Replace the ‘x’ in ‘arxiv’ with a ‘5’, hit enter

That’s amazing! It appears to be using LaTeXML to render to HTML. There are some glitches (images are not displayed, unfortunately, in the papers I tried), I hope they keep supporting this conversion!

descobar7 · October 26, 2022, 6:00pm

For the semantic edit, is it possible to take a vector that represents for example a camara view so to say: front, left, back, top. And use that to re imagine the object from those views?

barnacl · October 26, 2022, 6:47pm

Are you looking for something like this

Dreambooth

descobar7 · October 26, 2022, 6:53pm

yess something like that thank you.

charlie · October 26, 2022, 11:01pm

@descobar7 I believe the folks behind https://dreamfusion3d.github.io/ explored “from the back” “from the side” prompts to deal with the so called “Janus” problem, where you’d get 2+ front-facing forms on the 3d image.

Screen Shot 2022-10-26 at 23.38.52

After all these years of wringing our hands at the black boxes of neural nets…we can just tell them what we want with plain, natural language (rendered in octane, 8k, and trending on artstation, that is!)

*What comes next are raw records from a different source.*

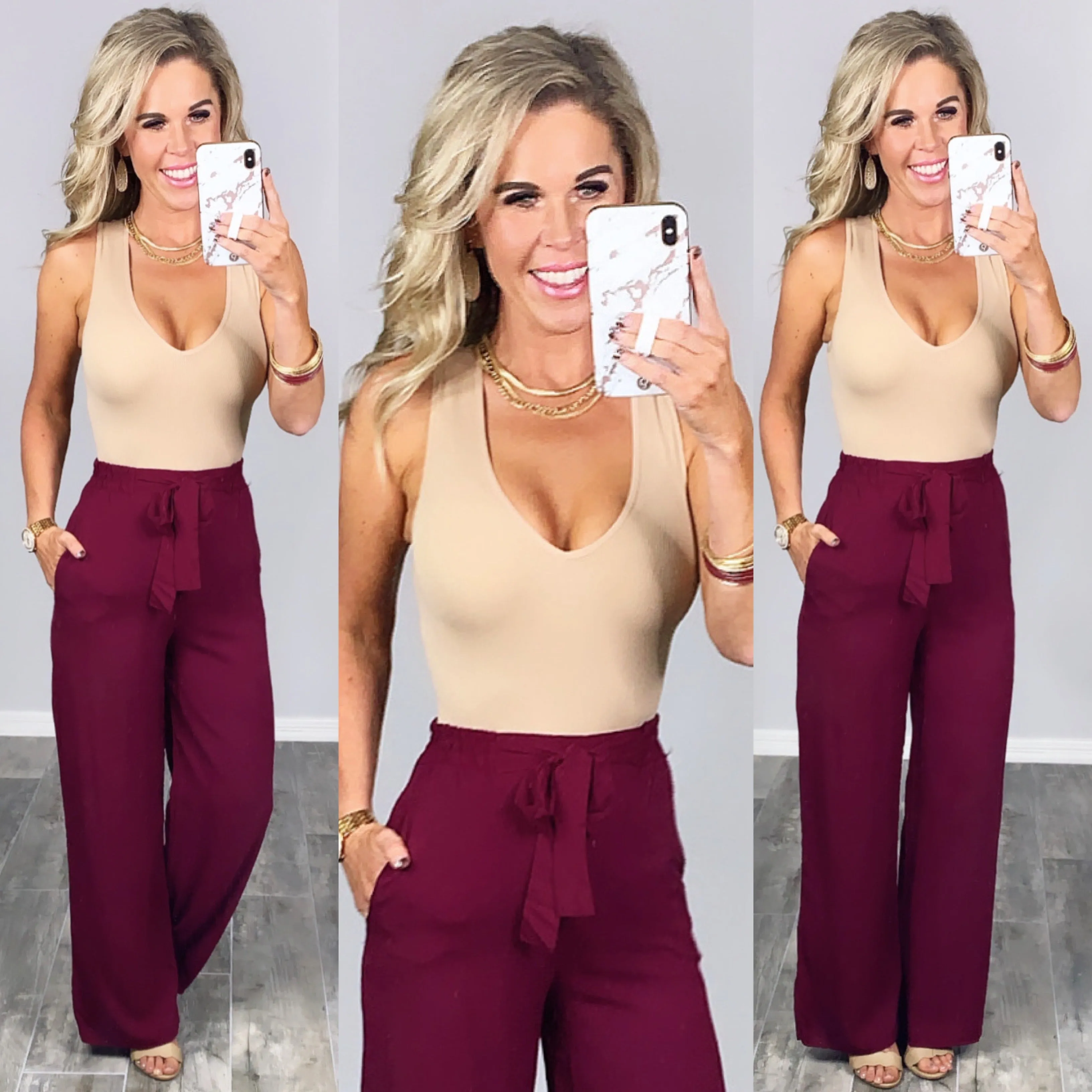 Leave Behind Pants - Burgundy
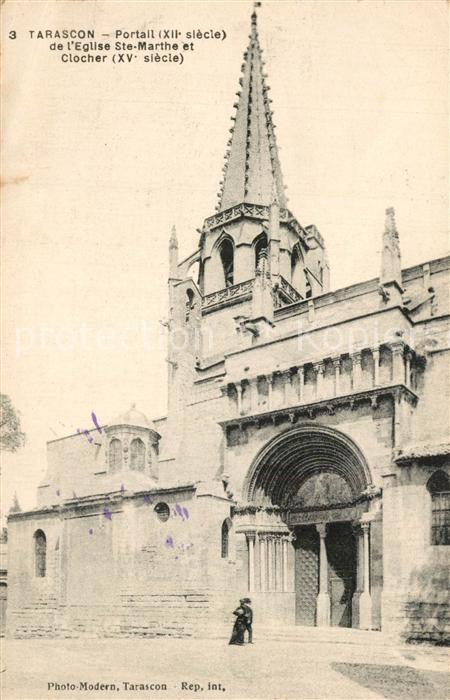 Tarascon Bouches-du-Rhone Portail Eglise Sainte Marthe et Clocher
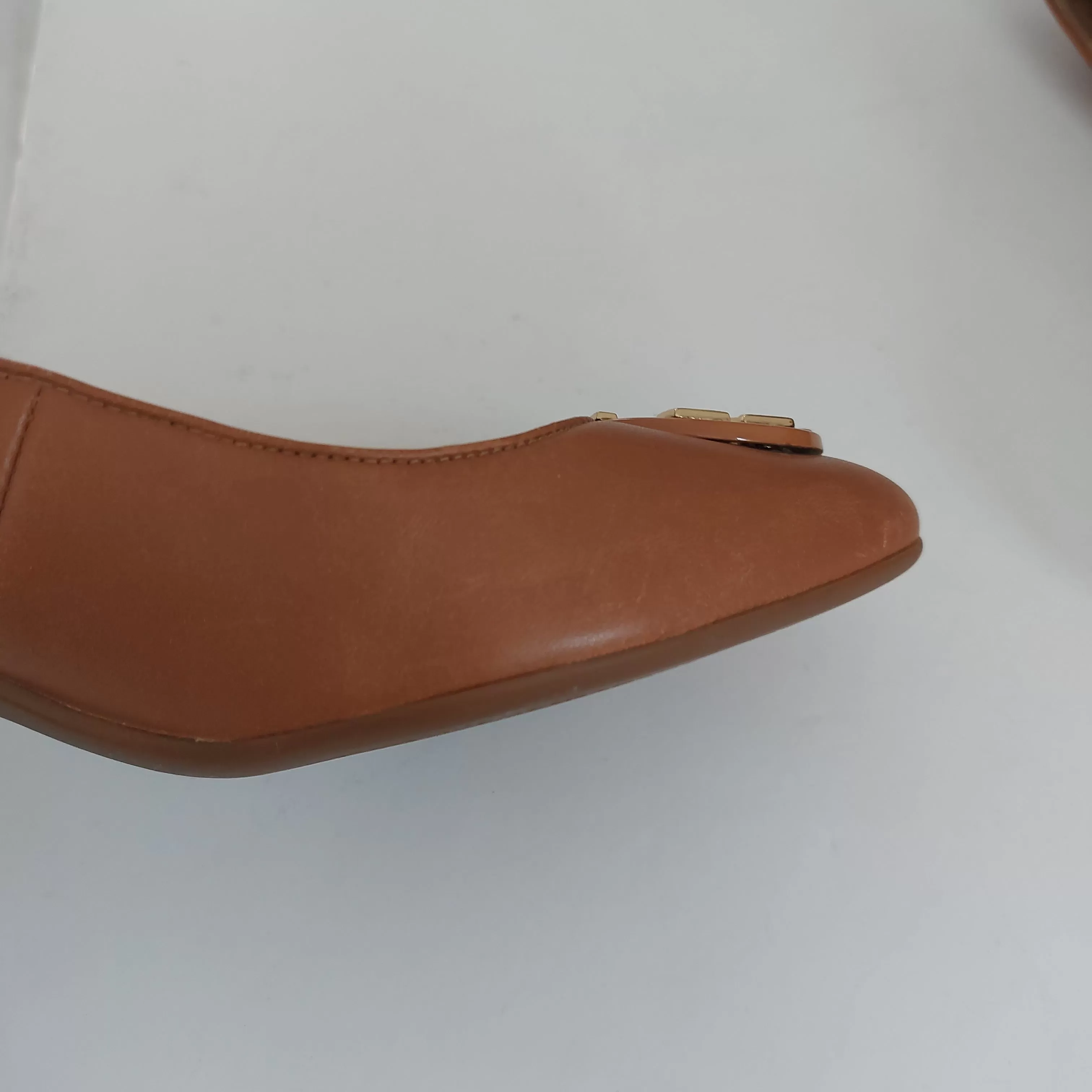 Tory Burch Tan Leather Janey Block Heels | Pre Loved |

I’ve made some headway DiffEditing but I think I’ve got some bugs. I’m not quite sure the correct formulation for the latents in the masked-out background. I’m definitely seeing the model being much better at masking than sensibly filling in the masked area – are other folks seeing this? I’m a little surprised that hte model thinks it should fill in one area and then only really fills in a subset. In any case, sometimes it’s good enough – here’s a successful example:

One effect you’ll notice is a preference for centered-ness – some of the results have bowls within the original bowl, because the model wants to have a perfectly squared-up shot.

And here’s a … less successful example…

(Originals in upper left)

(edit: I later had more success – fixing bugs and better-exploring the hyperparameters got much improved quality – shared on twitter here: https://twitter.com/bigblueboo/status/1585761916718383110)

Fahim · October 27, 2022, 12:52am

This is really great! I didn’t get as far as you with DiffEdit so far — I got stuck on figuring out the mask since I couldn’t get a good difference between the two state (original prompt vs edited prompt) and then got distracted by other experiments.

But I have a different approach (which wasn’t using the DiffEdit method) for which I’m keen to try out your set of “bowl of fruit” prompts … I didn’t think to try that with my approach though I did have success turning a horse into a zebra. So thank you for the idea

Fahim · October 27, 2022, 1:34am

I tried your approach of doing different fruits with my non-DiffEdit image replacement and the results were interesting … I don’t get a full replacement of all the fruit, but I do get a majority for the type of fruit I specify … Now I’m keen to try and get DiffEdit working and try the same seed to see how that behaves

aayushmnit · October 27, 2022, 3:04am

I tried to implement the first part of masking of DiffEdit - here is a sample result -

Hope this might help people to implement DiffEdit fully - Here is the notebook.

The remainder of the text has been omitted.